Q. How does the absence of Greg Hardy impact their defensive line?
A. Much like I preach to our guys – one man's misfortune is another man's opportunity – and Hardy's situation has created an opportunity for Mario Addison, who's delivering in a big way. He had 2.5 sacks last week and is a very disruptive force, one we have to reckon with. They are an attacking, penetrating gap-elimination defense that plays a multitude of people. They play seven or eight guys up front defensively.
Q. Can you talk a little bit about the Panthers' two first-round picks at linebacker – Luke Kuechly and Thomas Davis?
A. Those are two good football players. They attack and penetrate from the front, and they have a soft, umbrella-like zone, if you will, in the secondary, and what that creates is that a lot of the football gets funneled to those two men. And they cover a lot of ground. They're both high instinct football players, and they're both highly productive.
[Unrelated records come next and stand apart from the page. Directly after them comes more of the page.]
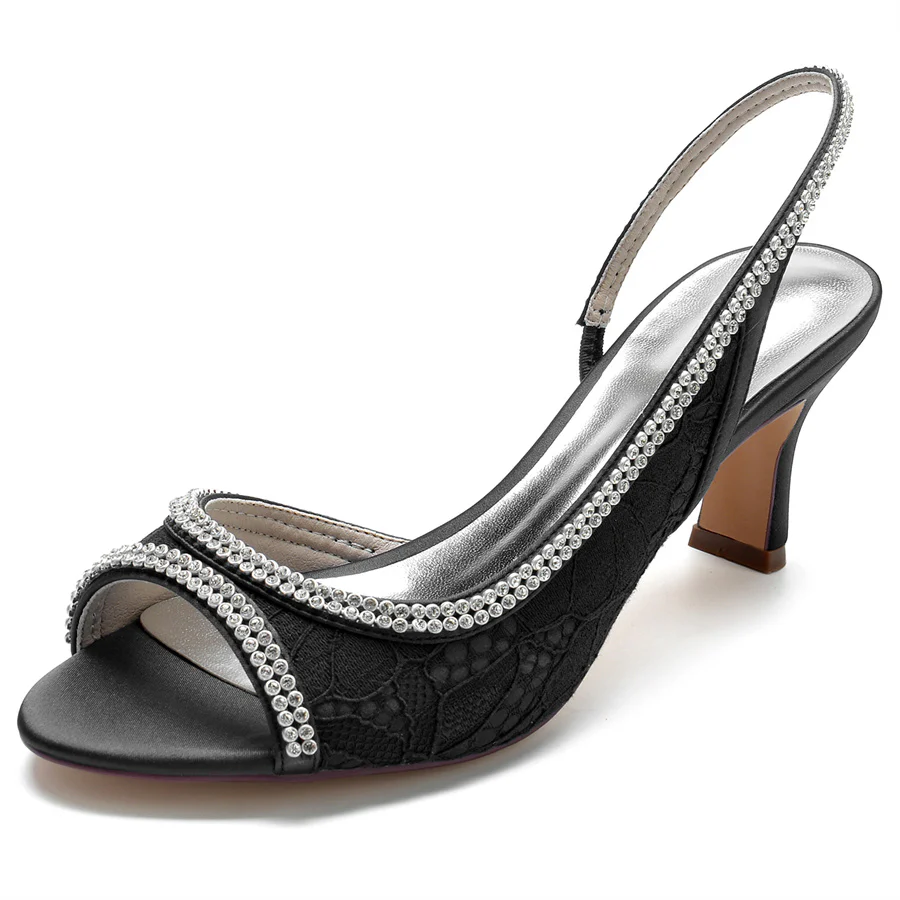 Women's Wedding Shoes Elegant Peep Toe Mid Heel Lace Bridal Shoes with Crystals - Image 6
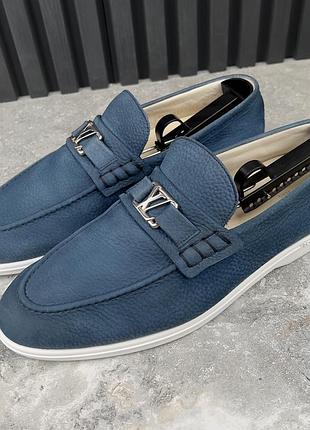 Louis vuitton estate logo loafers blue чоловічі лофери мокасини нубук оригінал 44 eur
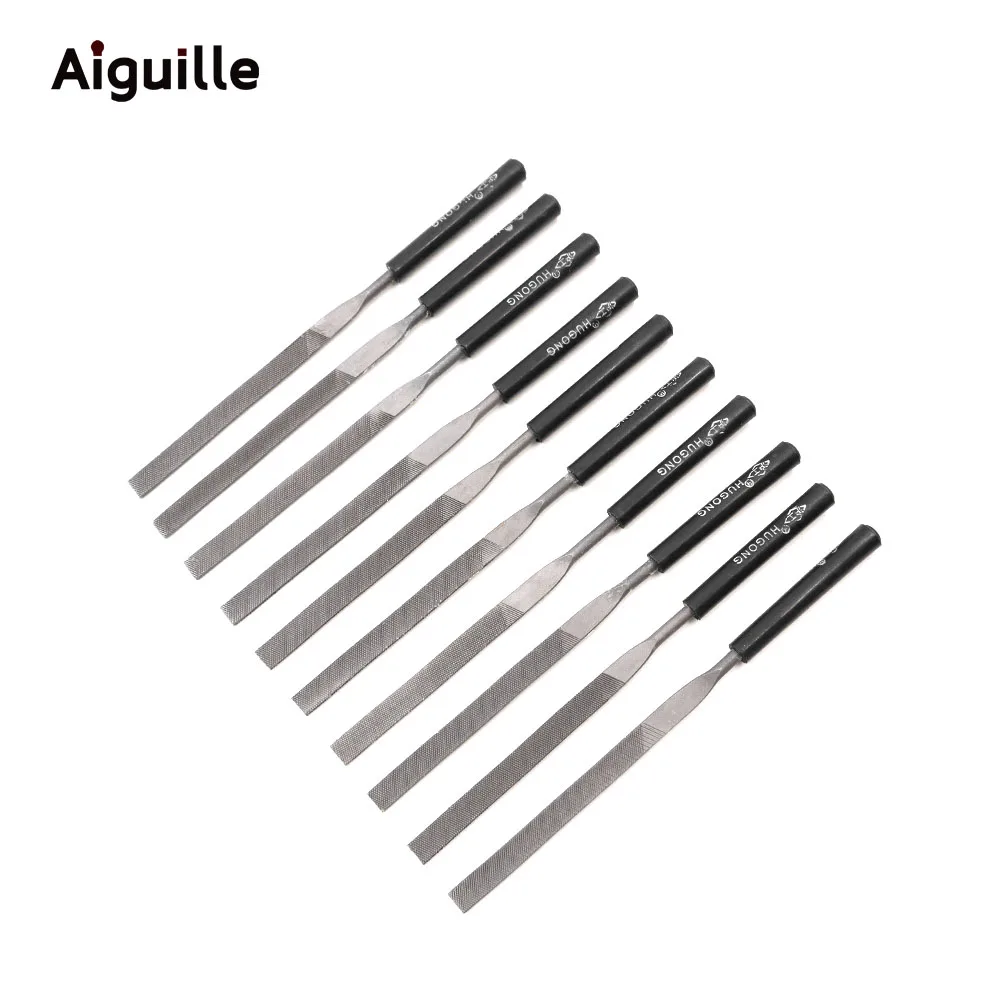 Aiguille 10pcs Black Assorted Files Flat Sanding Tools Steel Files Triangular Semi-circle Mini Shaping Assorted Files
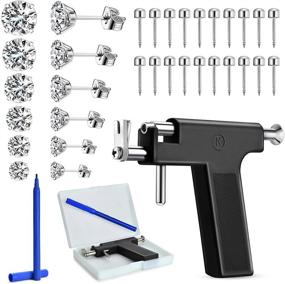 img 4 attached to 🔫 Complete Ear Piercing Kit with Stainless Steel Stud Earrings - Professional Gun Set for Salon and Home Use (Black)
Q. Do you expect Lance Moore to make an impact tonight?
A. We're going to give him an opportunity. Like I stressed to him this week, we have learned to live without him during the course of his injury, and it's his job to infuse himself back into our plan.
Q. Did the problems that surfaced in the second half in the Cleveland game carry over into the game against the Ravens?
A. No, really, it was a different set of problems. It was about the speed and communication in the second half against Cleveland, and in Baltimore we just didn't do a good enough job of tackling.
Q. Is the problem fixable in the short-term?
A. Absolutely it is. We had a good week of work, and I'm excited about watching those guys take this next step and play in the football game, particularly in the area we just talked about.
Q. You team has incurred 20 penalties in the first two games. How do you get that situation corrected?
A. I look at each one individually. Obviously there is an emphasis on playing within the rules, and some of them have been points of emphasis of the officiating department over the course of the year. Some of them are poor technique, and quite frankly, some of them are questionable calls.
Q. What positives have you noticed developing over the first two weeks of this season?
A. We're continuing to develop roles, or divisions of labor within our units, and I like the growth and development of our special teams particularly. That group included a lot of first-year players a year ago, and now we have a lot of second-year players and that's showing. Largely, it's been just the division of labor with guys getting comfortable with where they fit into the big scheme of things, particularly in situational football.
Q. Is Brad Wing showing himself to be an NFL punter?
A. I believe so. He has done some really good things for us in the first two ballgames, not only in terms of red zone punting but also in directional punting. His hang-time has been sufficient. I like the look in his eyes – the situations aren't too big for him. I'm excited about his future.